- Education: University of Western Australia
- Occupation: Judge
- Spouse: Patrick O'Neal

= Gail Archer =

Australian judge

Hon. Justice Gail Ann Archer is a judge of the Court of Appeal of Western Australia.

Archer's father died when she was 17. She graduated in jurisprudence and law from the University of Western Australia in 1988, and commenced her legal career at the West Australian Crown Solicitor's Office in 1989, before joining the West Australian Office of the Director of Public Prosecutions (DPP) in 1993, remaining there until 2002. During her time at the DPP she conducted over 150 jury trials and represented the state in numerous matters in the Court of Appeal. After her work at the DPP, she joined Legal Aid WA from 2002 to 2004 as principal counsel, before practicing as a barrister at Francis Burt Chambers. She was appointed senior counsel at chambers in 2007. She joined the Independent Bar in 2004, and sat as a Commissioner in the District Court for periods in 2005 and 2006.
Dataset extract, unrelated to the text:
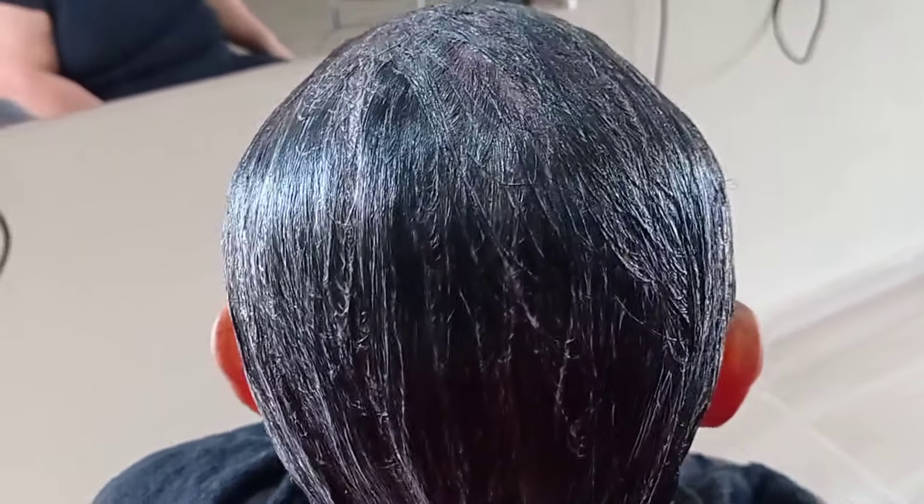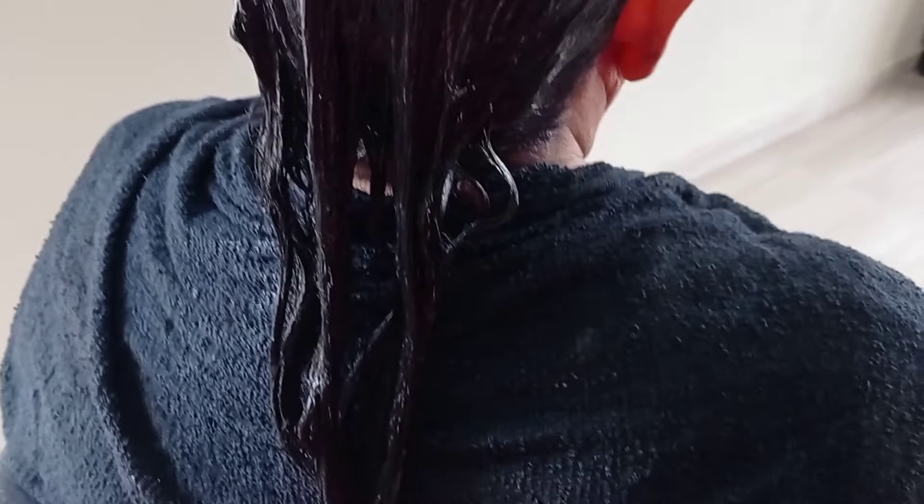Você vai lavar primeiro o cabelo de duas a três vezes, vai deixar o cabelo bem limpinho. Vai lavar somente com shampoo para receber essa mistura do produto. Depois que lavou o cabelo e misturou o banho de petróleo, vai passar por todo o cabelo e vai deixar agir por 30 minutos.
After completing a legislative review of the CCC Act, Archer was appointed as Acting Commissioner of the West Australian Corruption and Crime Commission in April 2008, and resigned in February 2011. During this time she taught forensic advocacy nationally and internationally, and was a coach in the Australian Bar Association's advanced advocacy course. Archer was appointed a judge of the Supreme Court of Western Australia on 29 May 2017 after the resignation of the Hon. Justice David Newnes from 21 April 2017.